Main and side characters are of inconsistent make: some quirky and intriguing individuals may arise from time to time, however, it’s also true some of the (supposedly) centerpieces of the adventure just prove bland and one-sided (such as Lange’s sidekick sergeant, to name one). There’s a lack of insight in most characters’ personal life or ideas, as there simply won’t be the chance to have any dialogue with them that isn’t related to the main story’s progress. This becomes especially true and evident in later chapters and will be a hindrance if you’re trying to understand anything beyond the characters’ role in the fortress environment. There’s never any further elaboration on the world or lore either, making the monastery seem like a self-contained bubble (and in some ways, it actually is) where no topics except the daily misadventures ever exist. Sure, you’ll hear some rumors and trivia but that’s it.
With Good Intentions is made unique by its handling of death – because yes, in this visual novel you can actually die – as Von Eigo at least. Basically, every time you take a wrong ‘route’, your demise will be inevitable, be it at the hand of an enemy or more mysterious forces. The knowledge acquired from dialogues and actions will however be kept for the next instance of what essentially is a time loop, with Rayon being able to use it to change things in his favor. Each ‘past’ sequence is ultimately a combination puzzle where you die until you find the right set of actions that give a (single) good ending, thus finishing the chapter. In the present, conversely, you won’t be able to die, no matter how badly you may seem to screw up.
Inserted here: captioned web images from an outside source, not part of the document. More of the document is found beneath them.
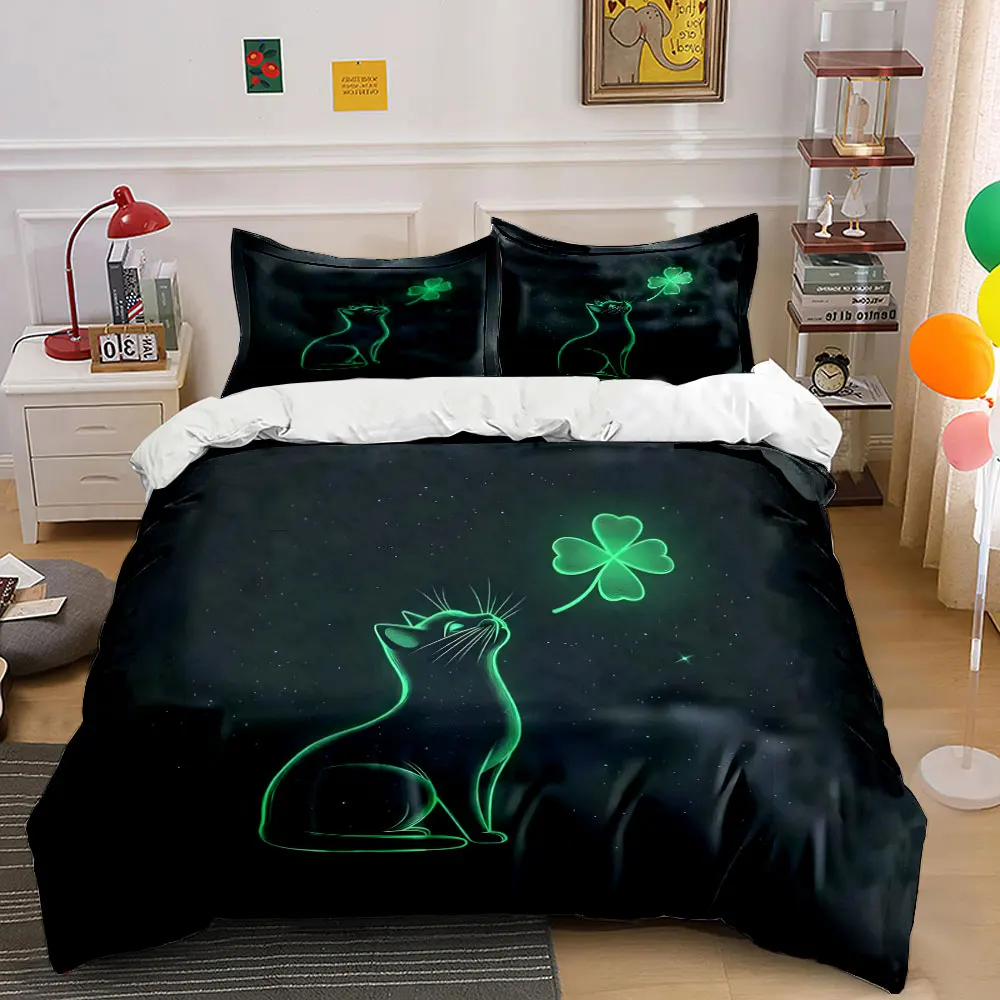 Glowing cat and clover in night sky Printed Duvet Cover Set 1 Duvet Cover+2 Pillowcase Multi Size Bedroom Bedding Decor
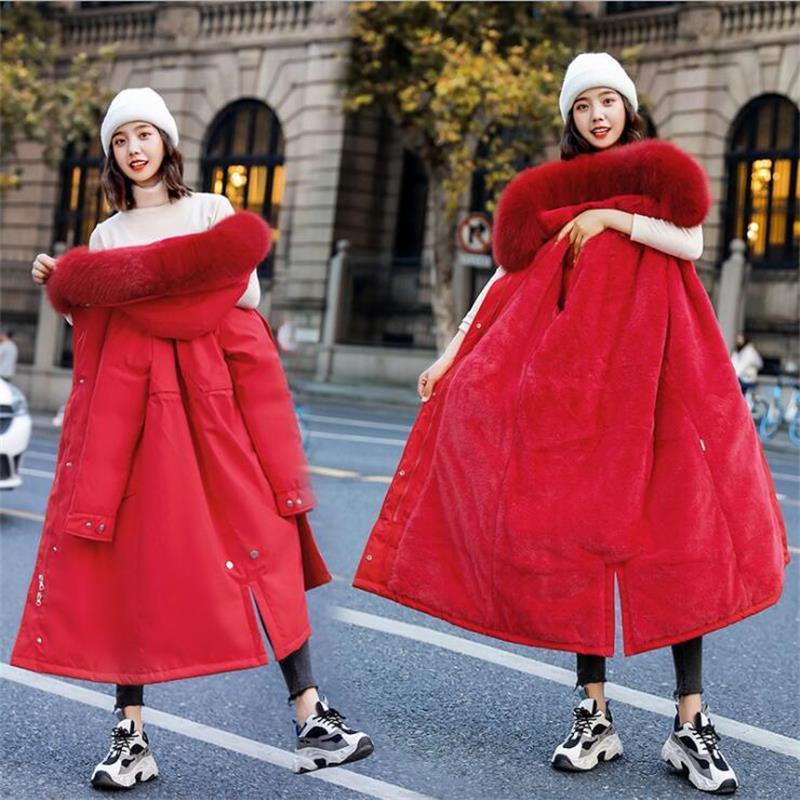 Winter Jacket Parkas 30 Degree Women's Winter Long Coats Hooded Fur Collar Thick Warm Winter Jackets Women 201019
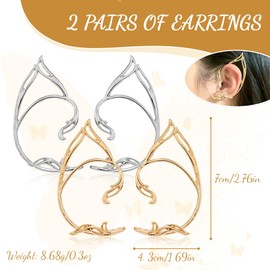 FENQURO 2 Pairs of Elf Ears, Ear Cuff Elf Earrings for Women, Elf Ears, Catwoman Ears, Elf Ears, Elf Ears, Elf Ears, Jewellery for Elves Costume, Fairy Costumes, Women, Cosplay Costume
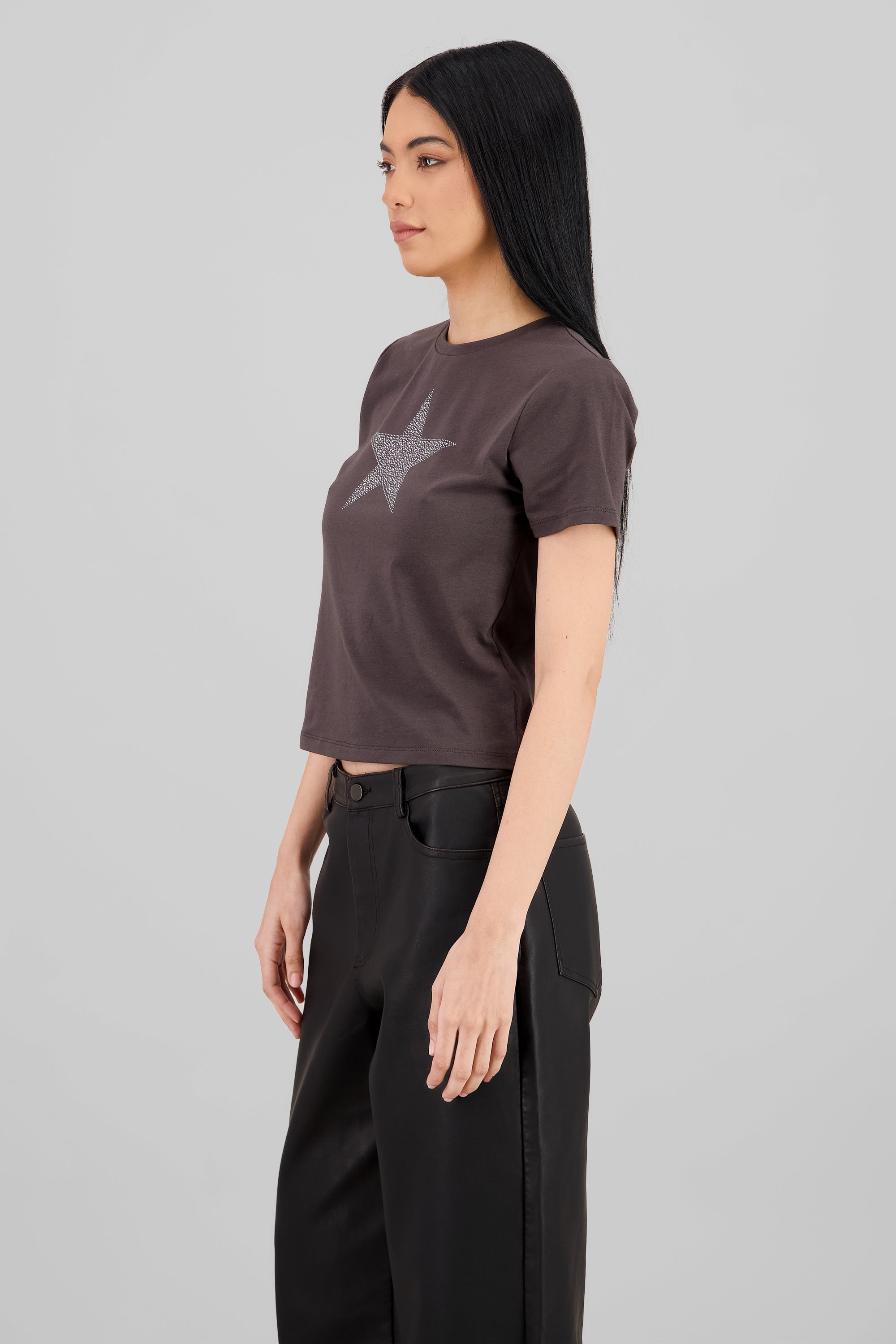 Playera estrella brillos GRIS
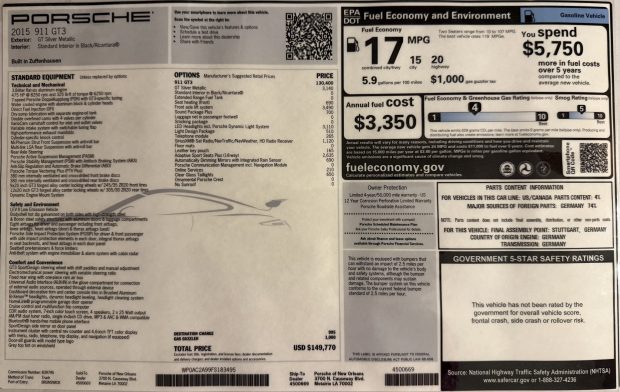 3,400-Mile 2015 Porsche 911 GT3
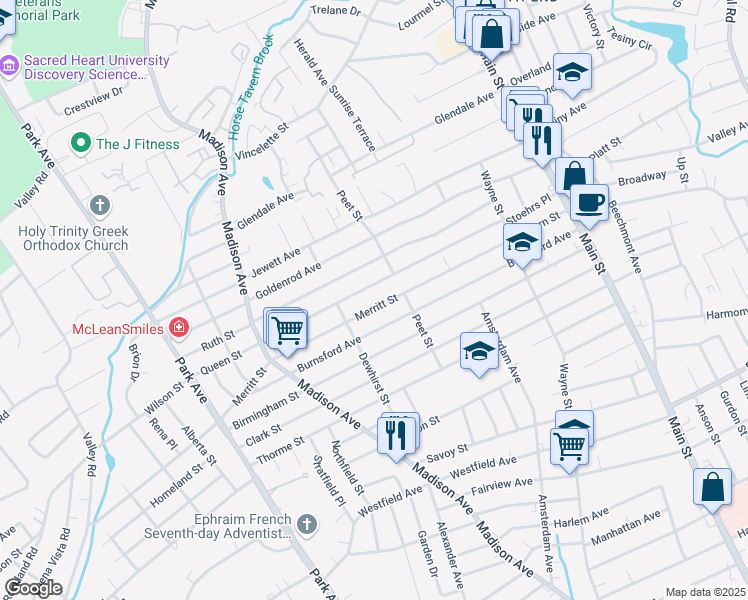 map of restaurants, bars, coffee shops, grocery stores, and more near 497 Queen Street in Bridgeport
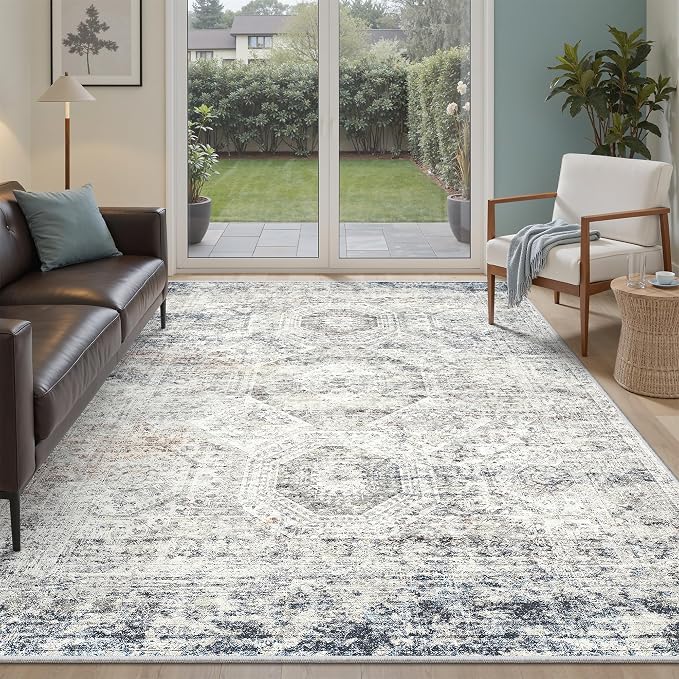 Soalmost 5x8 Area Rugs Blue/Ivory Low Pile Washable Trendy Faded Style Rug | - Image 2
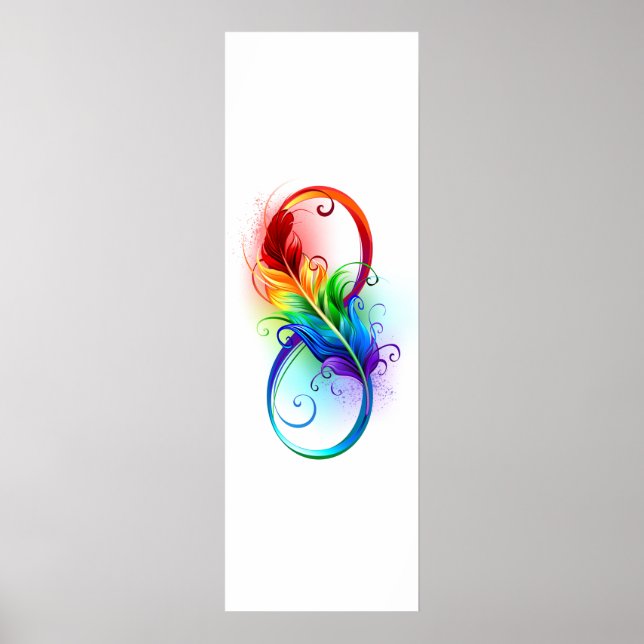 Unendliches Symbol mit Regenbogenfederhalter Poster (Vorne)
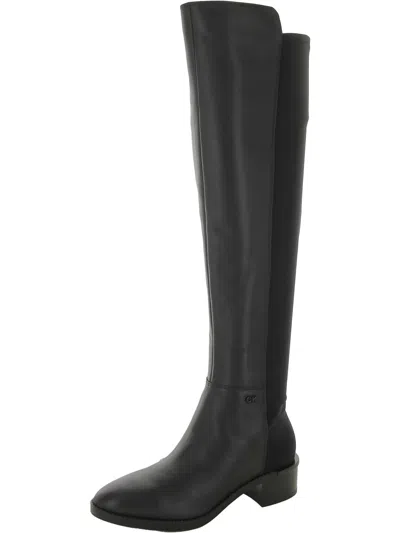 Calvin Klein Womens Leather Mixed Media Over-the-knee Boots In Black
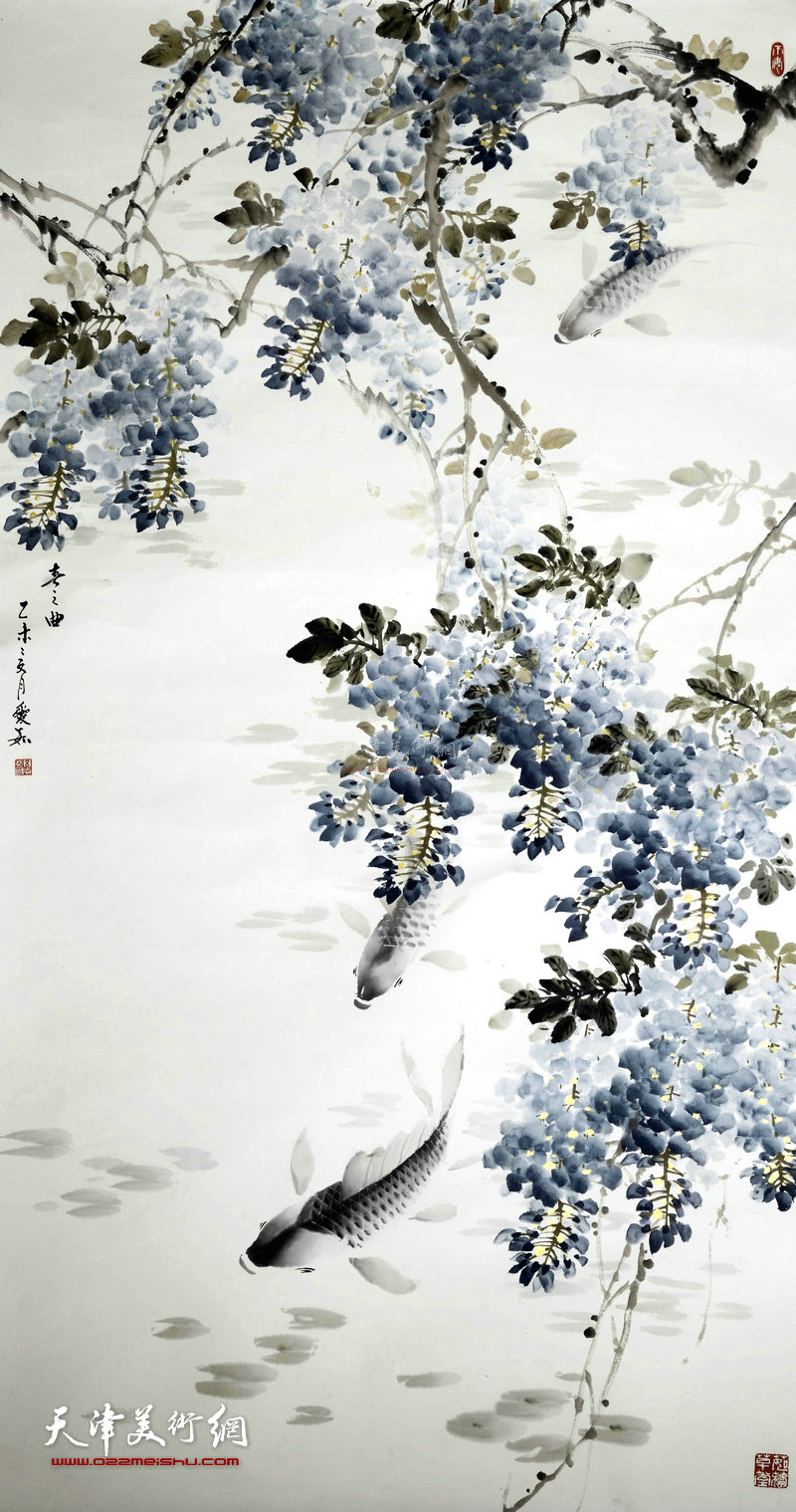 境由心造-天津女画家吕爱茹花鸟画作品。欣赏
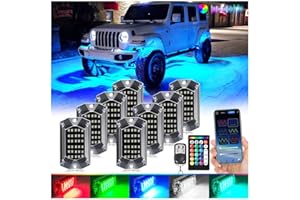 LD DARKEAGLE 8Pods Full Angle RGB LED Rock Lights Kit for Jeep Trucks Golf Cart ATV UTV RZR SUV Offroad Pickup Car, Multicolor 30LEDs Underglow Light with APP/RF Remote Control Neon Underbody Lights 12V Waterproof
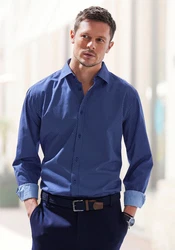 H.I.S Langarmhemd Regular Fit mit Haifischkragen Dunkelblau/Blau/Hellblau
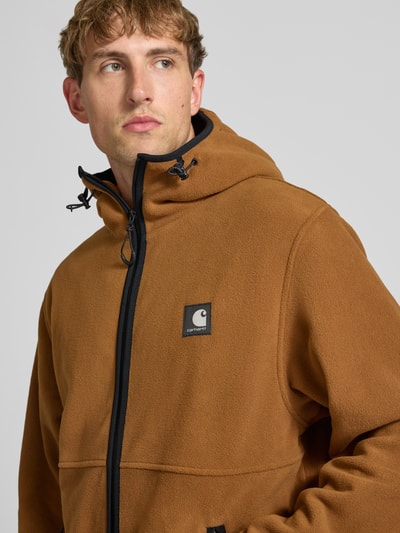 Carhartt Work In Progress Fleecejacke mit Label-Patch Modell 'Blevin' Mittelbraun 3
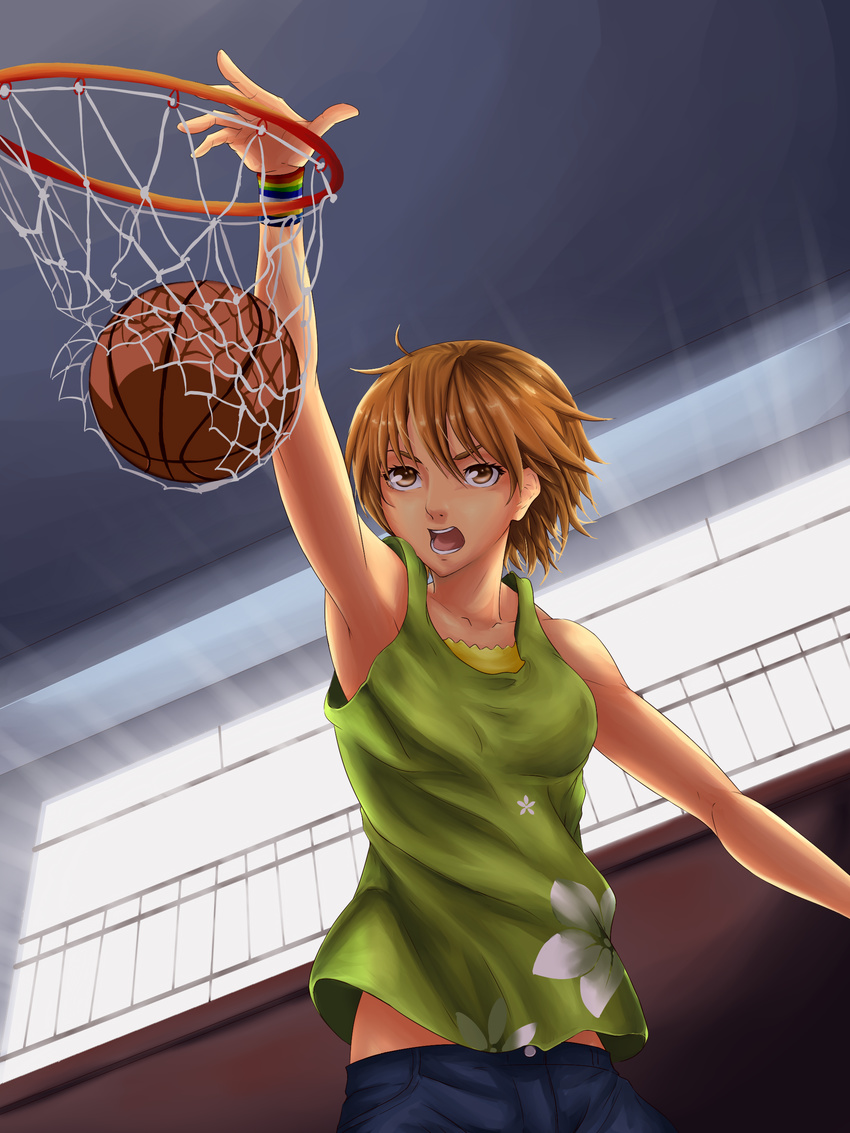 absurdres ball basketball basketball_hoop basketball_uniform brown_eyes brown_hair chinese_commentary commentary_request dunk highres jumping persona persona_4 playing_sports satonaka_chie short_hair shorts solo sport sportswear wristband you_xi_feng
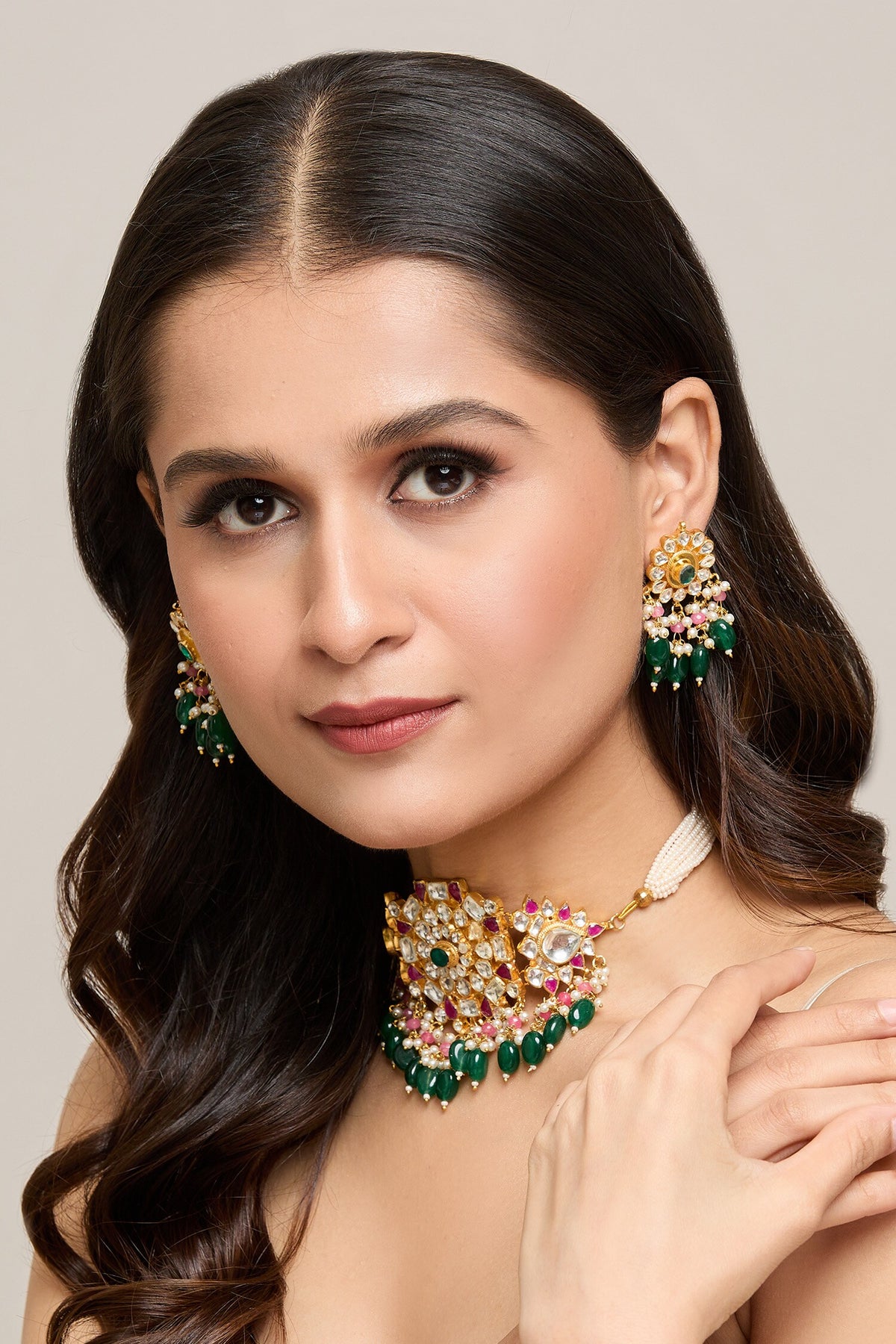 Stone Embellished Choker & Earrings Set 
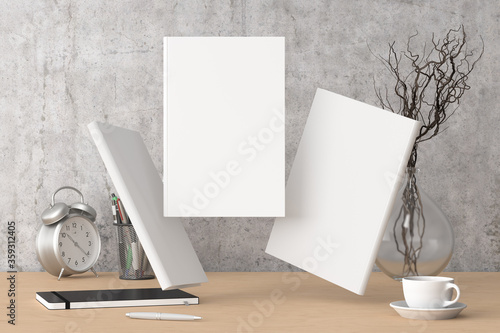 Blank book cover mock up flying over desk in office workspace. Front, spine and back cover views. 3d illustration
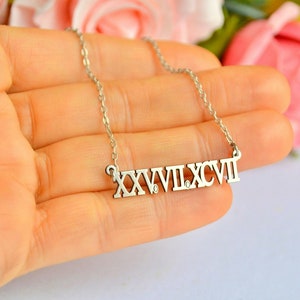 Wedding Anniversary Date Necklace, Bridal Gift to Wife, Custom Silver Unisex Time Written Romantic Customized Personalized Year Gold Jewelry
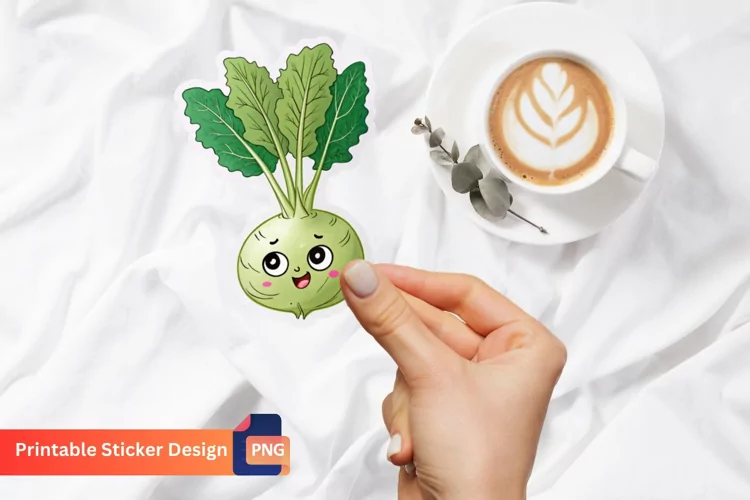 Funny Kohlrabi Sticker, Funny Food Sticker, Quirky Kohlrabi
On paper this system would be intriguing, but it’s terribly implemented for the most part. Technical shenanigans aside (and those are already enough because let’s be honest, it’s a visual novel, not Space Engineers) there is a clear lack of proofreading and mediocre translation quality; expect weird syntax and wording as common issues. On top of that, the absence of manual saving and the inability to skip to the next choice immediately, when repeating an already-seen dialogue, make the experience tedious because the non-adjustable text speed is too low (even with speed-up enabled). This leads to an enormous amount of wasted time and filler that have no place in any decent visual novel.
Another huge flaw is found in the numerous non-sequiturs (in layman’s terms: nonsense) related to the causes of death, or to the available choices in some dialogues. On numerous occasions, you’ll find poor Rayon dying for arbitrary reasons that at times are not even explained properly, or him suddenly unable to use critical information in a logical way, simply because that choice wasn’t accounted for. It leaves a bitter, disappointing taste to see how much potential was wasted due to mediocre writing and dubious logic.